Corvos e Prostitutas



      Estou cada vez mais convencida de que os onze anos passados no colégio têm sido de pouquíssima serventia para a minha vida acadêmica. Não demorei muito a perceber isto. Bastou assistir a primeira aula, às sete horas da manhã.
      Logo de imediato, tão logo pus o pé numa universidade federal, descobri que nunca soube ler, apenas decodificava palavras. Também descobri que minhas paráfrases são medíocres e minhas interpretações... Deixa quieto. As análises... Meu santinho! Nunca fui cartesiana, metódica. Sou, inversamente, muito intuitiva e passional. A propósito, só sei o que os meus textos querem dizer, porque são criações próprias. Posto isto, se difícil me é saber o que se passa em minha mente durante a elaboração de um texto, imagine só deduzir as divagações de um gênio como Shakespeare. Sem contar que fomos lançados nos braços de Platão, Aristóteles e Homero nas primeiras cadeiras do curso. Oh, presente de grego! Quanto a Saussure e Chomsky, prefiro me abster de fazer quaisquer comentários para não incorrer em pré-conceito linguístico. Vale salientar, todavia, que ainda não fomos jogados aos corvos da sintaxe, embora já tenhamos vislumbrado o vulto de E. A. Poe.

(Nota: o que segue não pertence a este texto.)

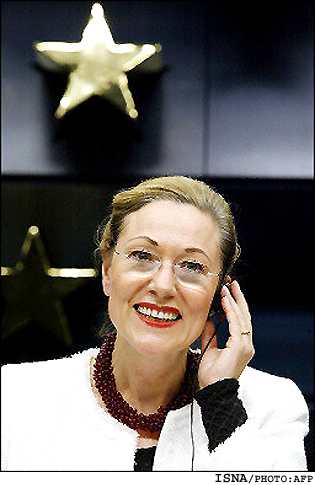 كميسر روابط خارجي اتحاديه‌ي اروپا:
خوشحاليم بوش همكاري با اروپا را در مساله‌ي ايران خواستار شده است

      Às vezes me questiono se reaprenderei a ler de modo razoavelmente satisfatório um dia (de preferência antes de chegar ao TCC) a fim de desenvolver uma visão crítica e conseguir análises textuais decentes (ou prostitutas) ou se esta crônica está fadada a ser uma morte enunciada, visto que as notas do primeiro período ainda não foram lançadas no sistema.
      Fico, ainda, com a dúvida: para quê serviram-me os onze anos de escola?